The data from this study suggest that a 12-week course of treatment is sufficient to detect improvement in neurocognitive functioning. Although the short-term neurocognitive effects of olanzapine do not appear to be related to acute clinical changes, it is possible that continued improvement in cognitive function may lead to improved long-term outcomes, such as improved quality of life
(13). This issue will be addressed in future manuscripts generated from the 2-year component of this study.

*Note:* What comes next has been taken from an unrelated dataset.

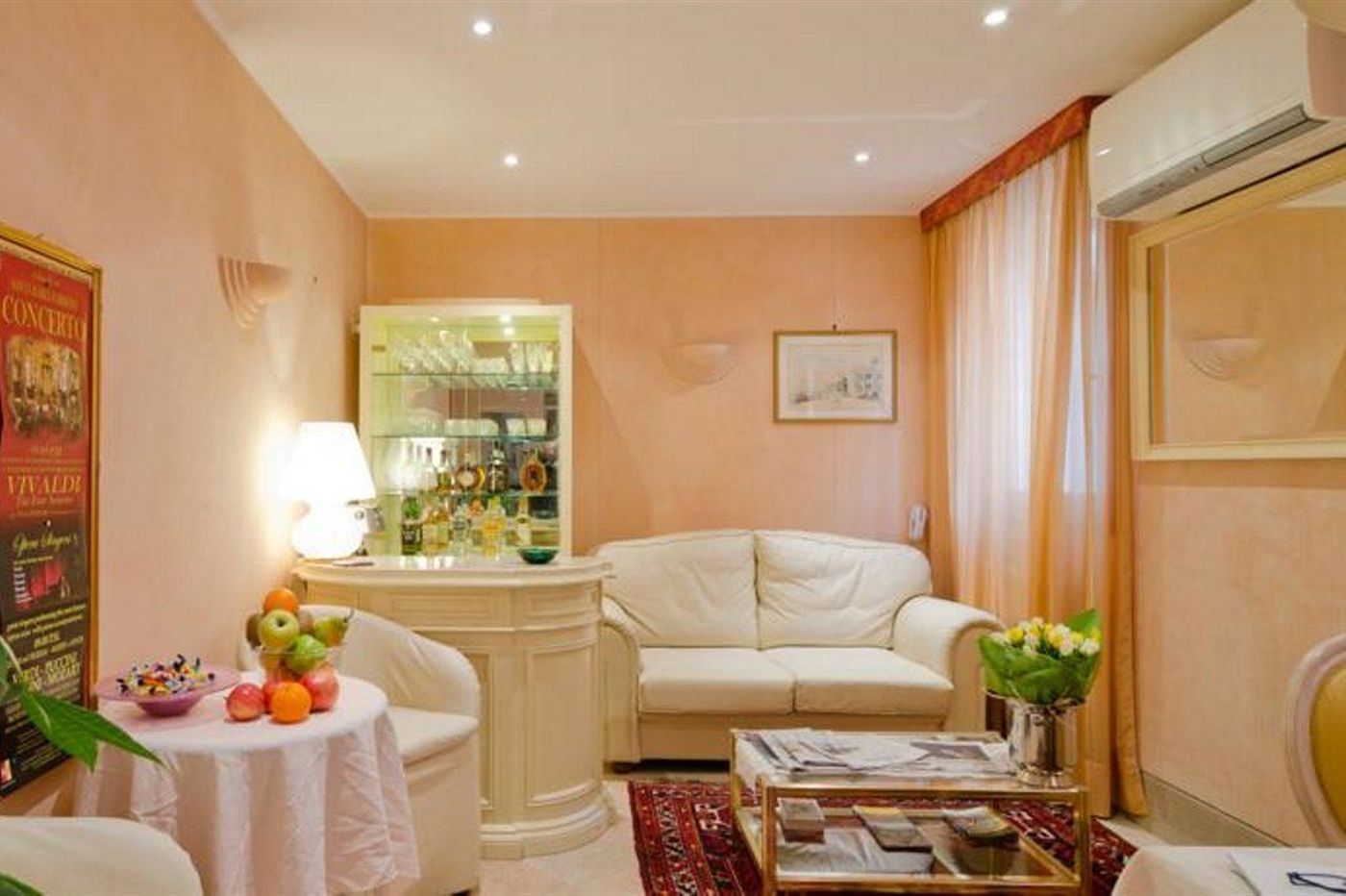 Hotel Cannaregio 2357-Italy-Venezia-General view-5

Aspects of this study limit the generalizability of the findings. First, only 167 of 244 patients were tested at baseline and then again 12 weeks later. However, after correction for multiple comparisons, no significant differences were found between the patients who completed the 12-week trial and those who did not, suggesting that the study completers were relatively representative of the larger subject group. Second, estimates of premorbid and current intelligence were higher in the haloperidol group than in the olanzapine group. These measures were collected at the end of the 12-week trial to ensure stabilization for the larger 2-year study. It is doubtful that National Adult Reading Test scores were improved by haloperidol treatment, but this possibility cannot be ruled out. However, when National Adult Reading Test scores were added as a covariate to the between-group analyses of neurocognitive improvement, these scores did not have an effect. Third, this study allowed inclusion of patients who had received up to 16 weeks of previous antipsychotic treatment. Although very few patients had received this much previous treatment, there was considerable heterogeneity on this measure, and 28% of the patients had never taken antipsychotic medication. The inclusion of a wide variety of first-episode patients may have had an effect on the assessment of the immediate effects of these drugs on cognition.
In conclusion, patients with first-episode psychosis randomly assigned to double-blind treatment with olanzapine or low-dose haloperidol demonstrated significant improvement in neurocognitive function. The neurocognitive advantage of olanzapine over haloperidol was small. This difference approached but did not reach statistical significance in the comparison of an unweighted composite score but was statistically significant in the comparison of a weighted composite score developed from a principal-component analysis. Neurocognitive improvement in patients who received olanzapine was not related to other acute clinical improvements or side effect changes.